Javascript supports a few so called "compound operators". These are shorthand assignment operators which first apply the compounded operator to the left and right operand and then store the result in the left operand. The @ represents the operator which is compounded with the = operator, which is one of * / % + - << >> >>> & ^ |
function evaluate(LeftHandSideExpression @ = AssignmentExpression) {
var lref = evaluate(LeftHandSideExpression);
var lval = GetValue(lref);
var rref = evaluate(AssignmentExpression);
var rval = GetValue(rref);
var r = lval @ rval;
if (Type(rval) == 'reference' && IsStrictReference(lref) && Type(GetBase(lref)) == 'environmentRecord' && (GetReferencedName(lref) == 'eval' || GetReferencedName(lref) == 'arguments')) {
throw SyntaxError;
}
PutValue(lref, r);
return rval;
}
Note that the left hand side must not evaluate to an unresolvable reference.
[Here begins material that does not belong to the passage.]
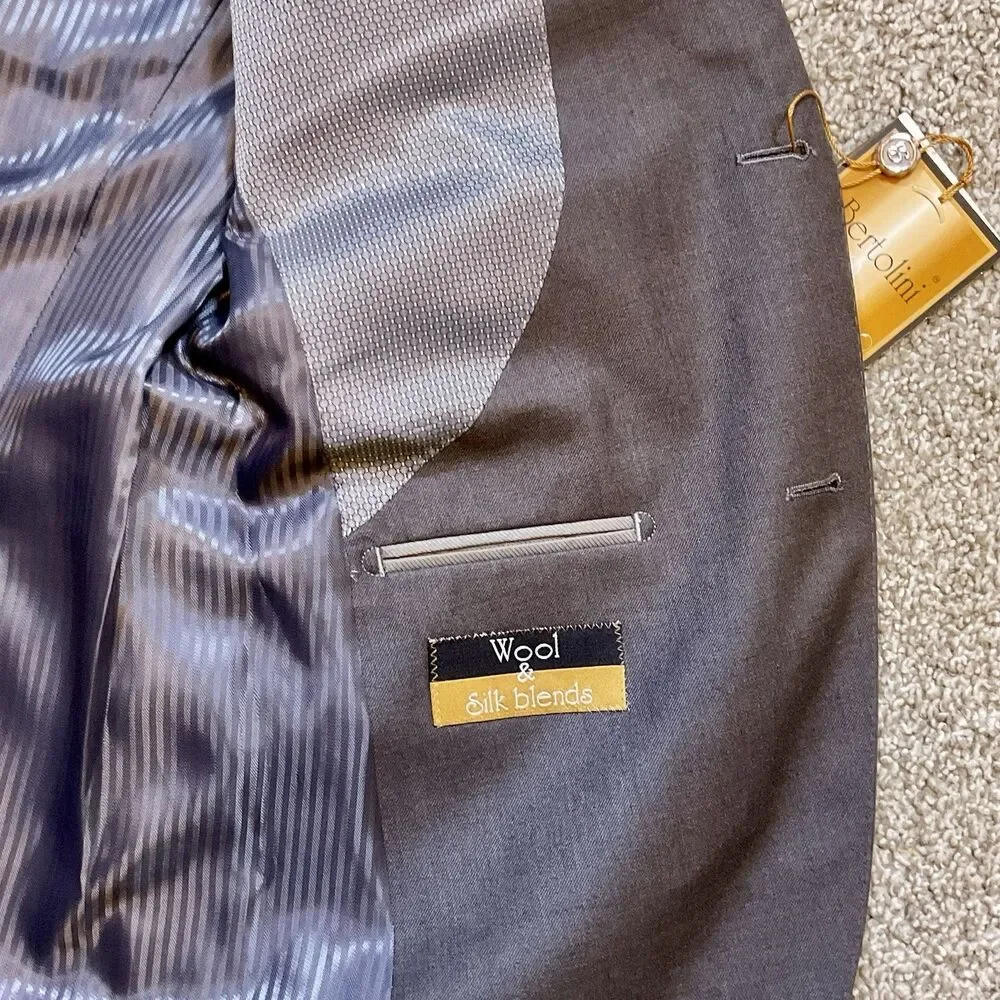 Bertolini 2pc‎ Suit Jacket Size 38R Pants 46/40 Sport Coat Blazer Wool Silk Gray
If it does, a ReferenceError is thrown on assignment (by PutValue). It may also not be a reference to a data property with [[Writable]] equal to false, or an accessor with [[Set]] equal to undefined, or to a non-existant property of an object whose [[Extensible]] set to false. In all these cases a TypeError is thrown (again, by or through PutValue).
The only difference between this algorithm and the regular assignment is the application of the compounded operator prior to assigning the result. Note that this happens before the possible throw, but because lval and rval are primitives, no side effects from this can be noticed (in fact, the operation might as well be placed after the condition...).